Award of Excellence: Dissertation an der Fakultät für Informatik der TUW mit Staatspreis ausgezeichnet

Preisträger Eduard Eiben und Heribert Wulz (Stv. Sektionsleiter der Sektion IV)

Preisträger Eduard Eiben und Heribert Wulz (Stv. Sektionsleiter der Sektion IV)

Eduard Eiben wurde für seine herausragende Dissertation mit dem Staatspreis ’Award of Excellence’ des Bundesministerium für Bildung, Wissenschaft und Forschung (BMBWF) ausgezeichnet. Die Verleihung fand am 5. Dezember in Wien statt.

Eduard Eiben wurde für seine Dissertation ’Exploiting new types of structure for fixed-parameter tractability’ ausgezeichnet. Die Arbeit wurde im Rahmen eines vom österreichischen Wissenschaftsfond FWF geförderten Forschungsprojektes am Institut für Logic and Computation an der Fakultät für Informatik der TU Wien durchgeführt. Weitere Mitglieder des Projektteams waren Prof. Stefan Szeider (Projektleiter) und Robert Ganian, die auch die ausgezeichnete Dissertation betreuten.

Mit diesem Staatspreis, der aus Mitteln der Studienförderung finanziert und mit EUR 3.000 dotiert ist, werden seit 2008 jährlich die 40 besten Dissertationen, über alle Studienfächer hinweg, ausgezeichnet.

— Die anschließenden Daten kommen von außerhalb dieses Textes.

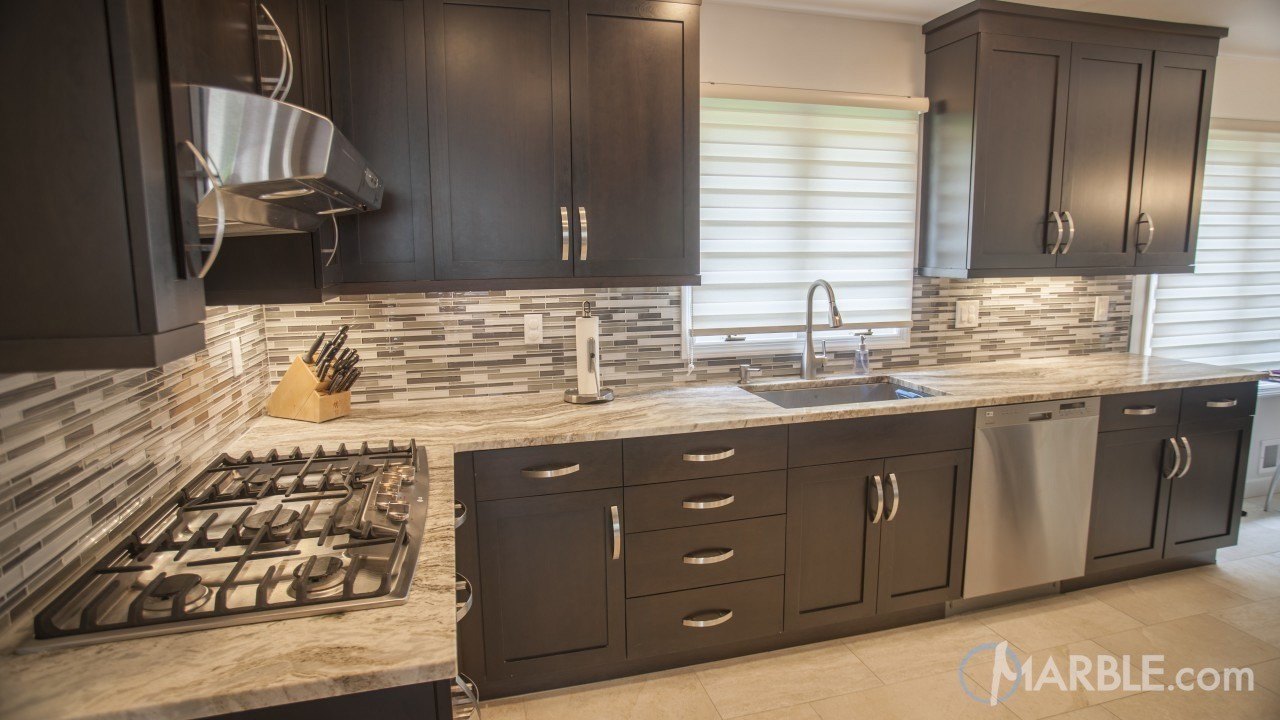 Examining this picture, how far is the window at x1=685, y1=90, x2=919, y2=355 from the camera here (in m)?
2.84

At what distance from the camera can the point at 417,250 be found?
227 cm

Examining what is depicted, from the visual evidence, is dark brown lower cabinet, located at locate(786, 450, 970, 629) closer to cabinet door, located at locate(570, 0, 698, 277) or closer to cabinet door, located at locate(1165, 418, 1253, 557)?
cabinet door, located at locate(570, 0, 698, 277)

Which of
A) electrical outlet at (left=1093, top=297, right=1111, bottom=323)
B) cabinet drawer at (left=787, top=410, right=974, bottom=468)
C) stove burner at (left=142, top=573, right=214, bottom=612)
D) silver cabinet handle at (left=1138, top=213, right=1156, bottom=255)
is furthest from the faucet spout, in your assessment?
stove burner at (left=142, top=573, right=214, bottom=612)

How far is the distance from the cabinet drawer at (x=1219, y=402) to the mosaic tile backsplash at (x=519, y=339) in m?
0.88

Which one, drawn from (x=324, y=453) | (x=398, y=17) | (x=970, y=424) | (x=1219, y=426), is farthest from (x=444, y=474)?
(x=1219, y=426)

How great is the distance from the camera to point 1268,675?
236 centimetres

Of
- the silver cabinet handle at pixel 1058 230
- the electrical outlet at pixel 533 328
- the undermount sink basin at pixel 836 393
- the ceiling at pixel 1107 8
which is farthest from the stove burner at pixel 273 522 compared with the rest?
the silver cabinet handle at pixel 1058 230

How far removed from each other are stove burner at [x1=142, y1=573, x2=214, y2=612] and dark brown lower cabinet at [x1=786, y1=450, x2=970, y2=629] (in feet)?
5.83

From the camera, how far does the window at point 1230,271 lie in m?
3.67

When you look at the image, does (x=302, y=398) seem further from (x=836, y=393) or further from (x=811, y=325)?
(x=836, y=393)

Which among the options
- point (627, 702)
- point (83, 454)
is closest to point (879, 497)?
point (627, 702)

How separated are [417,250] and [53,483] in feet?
4.05

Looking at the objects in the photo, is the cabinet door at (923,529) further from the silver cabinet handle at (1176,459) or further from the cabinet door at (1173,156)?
the cabinet door at (1173,156)

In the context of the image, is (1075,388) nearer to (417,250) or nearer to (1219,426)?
(1219,426) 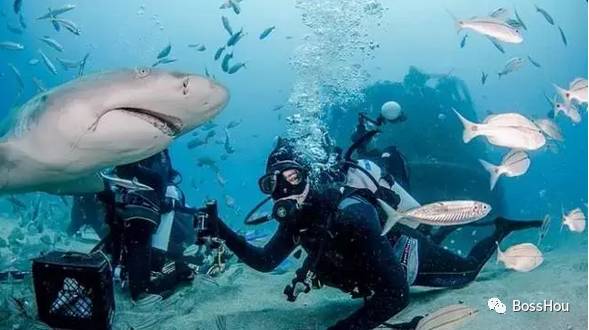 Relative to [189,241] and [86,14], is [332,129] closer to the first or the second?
[189,241]

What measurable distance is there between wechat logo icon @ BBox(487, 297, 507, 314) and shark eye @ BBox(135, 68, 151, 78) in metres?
4.09

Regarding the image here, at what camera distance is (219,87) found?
9.61 ft

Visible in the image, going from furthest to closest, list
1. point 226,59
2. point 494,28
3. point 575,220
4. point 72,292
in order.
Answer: point 226,59
point 575,220
point 494,28
point 72,292

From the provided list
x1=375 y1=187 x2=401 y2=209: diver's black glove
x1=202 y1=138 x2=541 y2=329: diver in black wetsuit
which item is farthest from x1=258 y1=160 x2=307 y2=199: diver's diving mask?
x1=375 y1=187 x2=401 y2=209: diver's black glove

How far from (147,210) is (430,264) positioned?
10.8 feet

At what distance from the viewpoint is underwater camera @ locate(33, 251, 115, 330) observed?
3.37 meters

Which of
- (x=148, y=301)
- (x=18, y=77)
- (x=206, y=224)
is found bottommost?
(x=148, y=301)

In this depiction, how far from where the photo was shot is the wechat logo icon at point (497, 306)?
4535 millimetres

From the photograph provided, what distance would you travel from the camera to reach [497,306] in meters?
4.60

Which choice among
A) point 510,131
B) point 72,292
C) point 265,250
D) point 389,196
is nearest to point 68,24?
point 265,250

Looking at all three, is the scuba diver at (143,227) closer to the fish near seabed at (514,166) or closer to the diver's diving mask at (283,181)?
the diver's diving mask at (283,181)

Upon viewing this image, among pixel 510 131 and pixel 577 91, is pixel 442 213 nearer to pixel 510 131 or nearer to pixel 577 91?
pixel 510 131

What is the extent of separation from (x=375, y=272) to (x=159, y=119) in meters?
2.24

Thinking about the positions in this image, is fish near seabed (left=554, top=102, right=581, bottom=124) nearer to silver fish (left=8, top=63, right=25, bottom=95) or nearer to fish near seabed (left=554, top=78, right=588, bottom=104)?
→ fish near seabed (left=554, top=78, right=588, bottom=104) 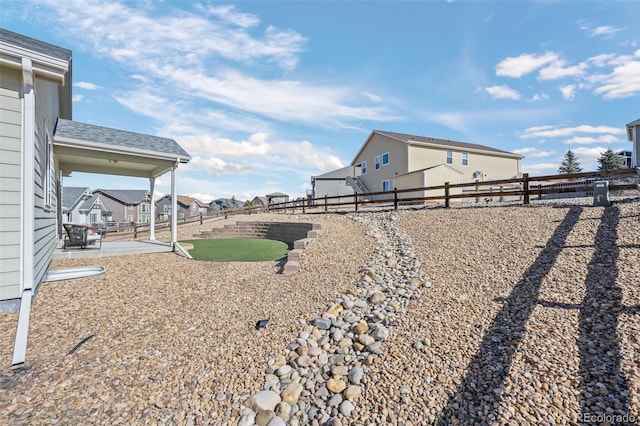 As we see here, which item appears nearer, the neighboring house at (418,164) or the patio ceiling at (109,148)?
the patio ceiling at (109,148)

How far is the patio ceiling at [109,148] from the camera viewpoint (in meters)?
7.33

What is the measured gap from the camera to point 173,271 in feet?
21.3

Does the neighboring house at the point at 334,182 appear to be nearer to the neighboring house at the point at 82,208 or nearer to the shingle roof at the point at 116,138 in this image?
the neighboring house at the point at 82,208

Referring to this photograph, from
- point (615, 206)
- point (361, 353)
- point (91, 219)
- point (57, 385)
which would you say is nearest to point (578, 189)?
point (615, 206)

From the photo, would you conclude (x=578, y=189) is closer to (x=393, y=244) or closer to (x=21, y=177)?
(x=393, y=244)

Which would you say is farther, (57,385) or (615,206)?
(615,206)

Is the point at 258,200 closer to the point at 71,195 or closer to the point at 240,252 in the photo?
the point at 71,195

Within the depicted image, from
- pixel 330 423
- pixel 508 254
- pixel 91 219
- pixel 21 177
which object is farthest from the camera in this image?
pixel 91 219

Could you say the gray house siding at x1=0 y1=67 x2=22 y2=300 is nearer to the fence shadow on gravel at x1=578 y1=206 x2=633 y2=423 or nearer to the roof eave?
the roof eave

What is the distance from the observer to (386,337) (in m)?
3.63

Parametrisierten Komplexitätstheorie

In seiner Dissertation entwickelte Dr. Eiben effiziente Algorithmen für schwer zu lösende Berechnungsprobleme, die in der künstlichen Intelligenz und der Optimierung auftreten. Die Methodik der Arbeit folgt dem Paradigma der parametrisierten Komplexitätstheorie. ’Die parametrisierte Komplexitätstheorie hat die Algorithmik revolutioniert, da sie es ermöglicht, die strukturellen Eigenschaften von Problemeingaben zu berücksichtigen und algorithmisch auszunutzen’, sagt Szeider. Die Entwicklung neuer Konzepte, um solche strukturellen Eigenschaften mathematisch einzufangen, war eines der Hauptziele von Eibens Dissertation.

Doktoratskolleg ’Logical Methods in Computer Science’ (LogiCS)

Eduard Eiben ist der erste Absolvent des Doktoratskollegs ’Logical Methods in Computer Science’ (LogiCS), das 2014 von Professoren an TU Wien, TU Graz und JKU Linz ins Leben gerufen wurde.

’Mich freut besonders, dass eine algorithmische Arbeit prämiert wurde, denn Algorithmen werden in Zukunft einen immer wichtigeren Stellenwert in der technologischen Innovation bekommen’, sagt Georg Gottlob, der das LogiCS Doktoratskolleg leitet. Das Doktoratskolleg umfasst neben mathematischen Methoden der formalen Logik auch angewandte Themen wie Verifikation, Datenbanken, verteilte und cyber-physische Systeme und Informationssicherheit.

Mehr als 40 junge Forscher_innen aus 20 Ländern, davon etwa ein Drittel Frauen, finden schon jetzt an der TU Wien den optimalen Nährboden ihre Begeisterung für Logik und deren Anwendung in der Informatik weiterzuentwickeln. Nach einer gründlichen Evaluierung durch internationale Expert_innen investiert der FWF 2017 weitere 3,6 Millionen Euro in das Doktoratskolleg. Bedeutenden Aufwind erhält die Forschung an der Fakultät für Informatik der TU Wien auch durch das Vienna Center of Logic and Algorithms (VCLA), einem Kompetenzzentrum im Dienste der Logik und der Algorithmen.